### YOUR INSTRUCTIONS
The answer is all of the data, repeated exactly.

### DATA FOR THIS TASK
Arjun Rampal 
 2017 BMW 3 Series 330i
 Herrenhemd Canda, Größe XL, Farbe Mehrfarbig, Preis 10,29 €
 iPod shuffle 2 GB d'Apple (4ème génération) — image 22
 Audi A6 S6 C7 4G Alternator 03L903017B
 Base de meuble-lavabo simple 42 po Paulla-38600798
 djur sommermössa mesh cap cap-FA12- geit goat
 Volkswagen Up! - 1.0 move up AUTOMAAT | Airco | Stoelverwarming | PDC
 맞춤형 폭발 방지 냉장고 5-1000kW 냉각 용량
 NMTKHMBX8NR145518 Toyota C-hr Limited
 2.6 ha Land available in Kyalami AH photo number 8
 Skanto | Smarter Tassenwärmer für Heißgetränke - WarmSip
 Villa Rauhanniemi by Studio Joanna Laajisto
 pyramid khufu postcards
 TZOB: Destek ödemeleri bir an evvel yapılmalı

### TASK OUTPUT
Arjun Rampal 
 2017 BMW 3 Series 330i
 Herrenhemd Canda, Größe XL, Farbe Mehrfarbig, Preis 10,29 €
 iPod shuffle 2 GB d'Apple (4ème génération) — image 22
 Audi A6 S6 C7 4G Alternator 03L903017B
 Base de meuble-lavabo simple 42 po Paulla-38600798
 djur sommermössa mesh cap cap-FA12- geit goat
 Volkswagen Up! - 1.0 move up AUTOMAAT | Airco | Stoelverwarming | PDC
 맞춤형 폭발 방지 냉장고 5-1000kW 냉각 용량
 NMTKHMBX8NR145518 Toyota C-hr Limited
 2.6 ha Land available in Kyalami AH photo number 8
 Skanto | Smarter Tassenwärmer für Heißgetränke - WarmSip
 Villa Rauhanniemi by Studio Joanna Laajisto
 pyramid khufu postcards
 TZOB: Destek ödemeleri bir an evvel yapılmalı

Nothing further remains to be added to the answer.